● **Work task**
Stop after the line containing "Snowman Kor By Clunse - 2016 (943x848)"; retype every line of the data before it exactly, starting from the first.

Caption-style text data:
§ §
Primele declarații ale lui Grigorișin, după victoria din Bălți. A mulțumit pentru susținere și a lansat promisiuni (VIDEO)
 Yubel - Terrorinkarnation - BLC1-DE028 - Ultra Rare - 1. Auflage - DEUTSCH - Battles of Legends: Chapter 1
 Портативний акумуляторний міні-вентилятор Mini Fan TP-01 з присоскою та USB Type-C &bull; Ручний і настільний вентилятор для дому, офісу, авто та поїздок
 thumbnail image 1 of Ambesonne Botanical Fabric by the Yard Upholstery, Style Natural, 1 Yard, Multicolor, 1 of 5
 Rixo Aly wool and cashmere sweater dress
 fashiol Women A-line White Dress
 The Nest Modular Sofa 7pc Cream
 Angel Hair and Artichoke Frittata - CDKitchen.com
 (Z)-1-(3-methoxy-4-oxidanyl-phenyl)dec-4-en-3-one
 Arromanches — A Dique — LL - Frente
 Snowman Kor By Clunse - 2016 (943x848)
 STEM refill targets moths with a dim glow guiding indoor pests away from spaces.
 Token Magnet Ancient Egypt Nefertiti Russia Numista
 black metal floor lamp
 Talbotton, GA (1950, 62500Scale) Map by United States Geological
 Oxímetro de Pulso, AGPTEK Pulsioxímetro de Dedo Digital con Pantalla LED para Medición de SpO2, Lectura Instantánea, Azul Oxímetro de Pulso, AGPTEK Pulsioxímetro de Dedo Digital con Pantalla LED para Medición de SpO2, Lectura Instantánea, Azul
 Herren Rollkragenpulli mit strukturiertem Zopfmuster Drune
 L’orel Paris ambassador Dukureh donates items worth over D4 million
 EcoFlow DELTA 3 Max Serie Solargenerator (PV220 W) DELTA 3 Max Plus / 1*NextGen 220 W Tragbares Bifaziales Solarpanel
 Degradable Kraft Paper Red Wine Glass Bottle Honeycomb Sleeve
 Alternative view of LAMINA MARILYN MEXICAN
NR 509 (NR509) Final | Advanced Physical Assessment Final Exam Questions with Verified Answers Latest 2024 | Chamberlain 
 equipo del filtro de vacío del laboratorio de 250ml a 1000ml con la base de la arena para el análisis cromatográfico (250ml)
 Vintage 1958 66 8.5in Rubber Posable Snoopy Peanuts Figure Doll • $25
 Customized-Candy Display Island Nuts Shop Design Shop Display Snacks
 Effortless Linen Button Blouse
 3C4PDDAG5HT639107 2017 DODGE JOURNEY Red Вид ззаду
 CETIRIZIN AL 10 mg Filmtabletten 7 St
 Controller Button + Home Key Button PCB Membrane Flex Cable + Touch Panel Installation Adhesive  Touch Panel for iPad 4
§ §
● **Your response**
Primele declarații ale lui Grigorișin, după victoria din Bălți. A mulțumit pentru susținere și a lansat promisiuni (VIDEO)
 Yubel - Terrorinkarnation - BLC1-DE028 - Ultra Rare - 1. Auflage - DEUTSCH - Battles of Legends: Chapter 1
 Портативний акумуляторний міні-вентилятор Mini Fan TP-01 з присоскою та USB Type-C &bull; Ручний і настільний вентилятор для дому, офісу, авто та поїздок
 thumbnail image 1 of Ambesonne Botanical Fabric by the Yard Upholstery, Style Natural, 1 Yard, Multicolor, 1 of 5
 Rixo Aly wool and cashmere sweater dress
 fashiol Women A-line White Dress
 The Nest Modular Sofa 7pc Cream
 Angel Hair and Artichoke Frittata - CDKitchen.com
 (Z)-1-(3-methoxy-4-oxidanyl-phenyl)dec-4-en-3-one
 Arromanches — A Dique — LL - Frente
 Snowman Kor By Clunse - 2016 (943x848)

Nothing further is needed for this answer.